Spurs push for freedom of speech after anthem, win 107-99 win over Timberwolves

SAN ANTONIO – There was no shortage of storylines in the Spurs’ 107-99 season-opening victory against the Minnesota Timberwolves on Wednesday night at the AT&T Center.

From the Silver and Black starting the season without All-NBA forward Kawhi Leonard and veteran point guard Tony Parker, to new Spur Rudy Gay’s comeback from an Achilles injury and second-year pro Dejounte Murray running the offense, there were plenty of subplots.

It all started when Spurs players stood and locked arms during the national anthem. NBA icons David Robinson and Tim Duncan joined them on the court.

After the national anthem, a message composed by Spurs coaches and the players stressing the importance of freedom of speech, social justice, and equality appeared on the Jumbotron above the floor.

The sellout crowd of 18,418 responded to the message with a loud ovation.

“I want to congratulate our fans on the way they reacted at the beginning of the game after the national anthem was played,” Spurs coach Gregg Popovich said after the game. “They obviously also buy into the messages that were sent up on the Jumbotron.

“I’m so proud to be in this city when we have fans that understand that it’s important for everybody. Kudos to our fans.”

The message was a response to some of the backlash Popovich has received for his criticism of President Trump, veteran Spurs guard Danny Green said.  

“He’s speaking out for us. We have to speak out for him and back him,” Green said. “He’s taking a stand and, obviously, some of his comments have been criticized. But we felt we should do something.

“Obviously, it’s been back and forth on what we should do. I thought it was good. I didn’t think it was too much.”

Green said the message was a collective effort of the team’s coaches and players.

“Everybody talked about it and it was something we discussed,” he said. “Like I said, we’ve got to back our coach, especially when he’s speaking out for us.”

LaMarcus Aldridge finished with 25 points and 10 rebounds to lead the Spurs, who improved to 19-2 in season openers under Popovich, who started his 22nd season as the team’s head coach. He took over the job 18 games into the 1996-97 season.

Green and Murray, who turned 21 last month, scored 17 and 16 points, respectively. Green drained 3 of 7 three-pointers, with his last one giving the Spurs a 105-95 lead with 46 seconds left. Gay (14) and Kyle Anderson (12) rounded out the double-figure scoring.

Gay, who started his 12th season in the NBA, was the feel-good story of the night. He played only 30 games with Sacramento last season before he sustained the Achilles injury.
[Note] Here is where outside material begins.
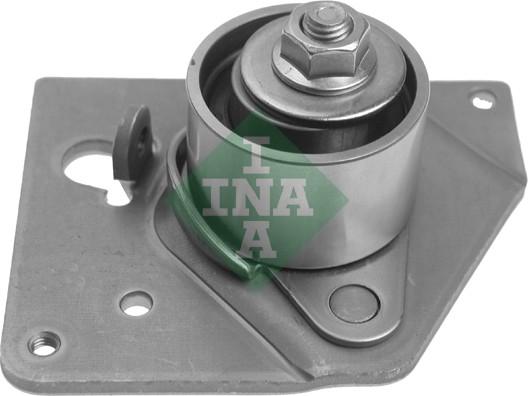 INA 533 0087 20 - Натяжная планка, ремень ГРМ www.autospares.lv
After months of grueling rehab, Gay opted out of the final year of his contract with the King and signed with the Spurs as a free agent this summer.

He scored his first basket since January on a fast break with a minute left in the first quarter, taking a pass from Manu Ginobili and finishing at the rim with a tomahawk dunk. The play brought a roar from the crowd.
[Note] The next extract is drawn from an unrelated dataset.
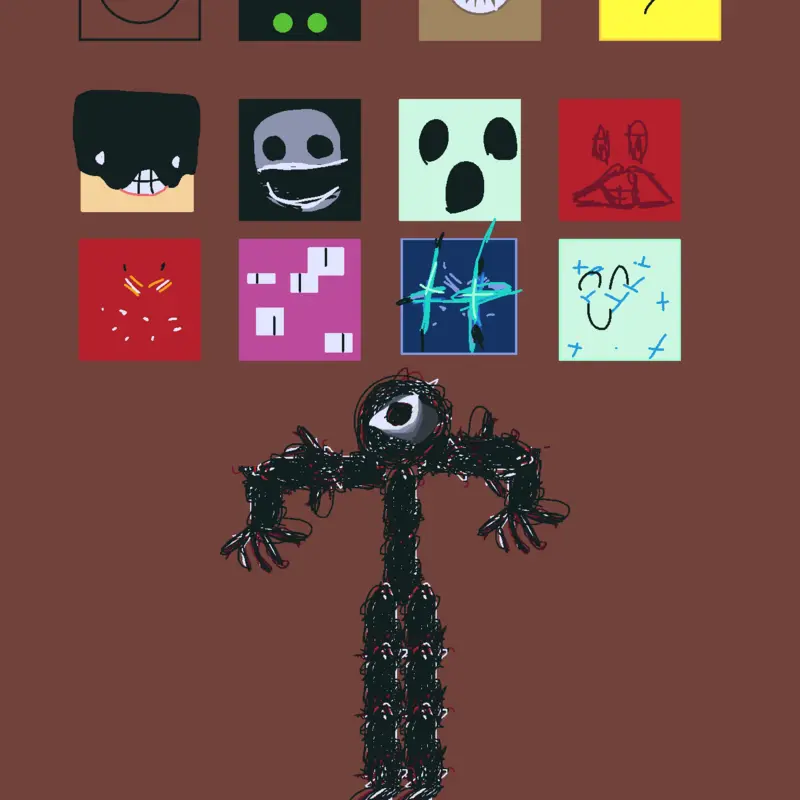Game by @Jason_FromFridaythe13th-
“I kind of got emotional early in the game,” said Gay, who made 5 of 9 shots and finished with five rebounds. “I’ve been through so much these last couple of months. Reading so many text messages motivating me, keep going. I don’t need the motivation, but thank you for everybody sending me texts.

“They (text messages) just remind me of what I’ve been through, like I said before. I got a text from someone saying five months ago you couldn’t walk and now you’re out there playing.”

And where would Gay rank the dunk he got for his first points as a Spur?

“I think I can still do better,” he said.   

Popovich was heartened Gay’s overall performance.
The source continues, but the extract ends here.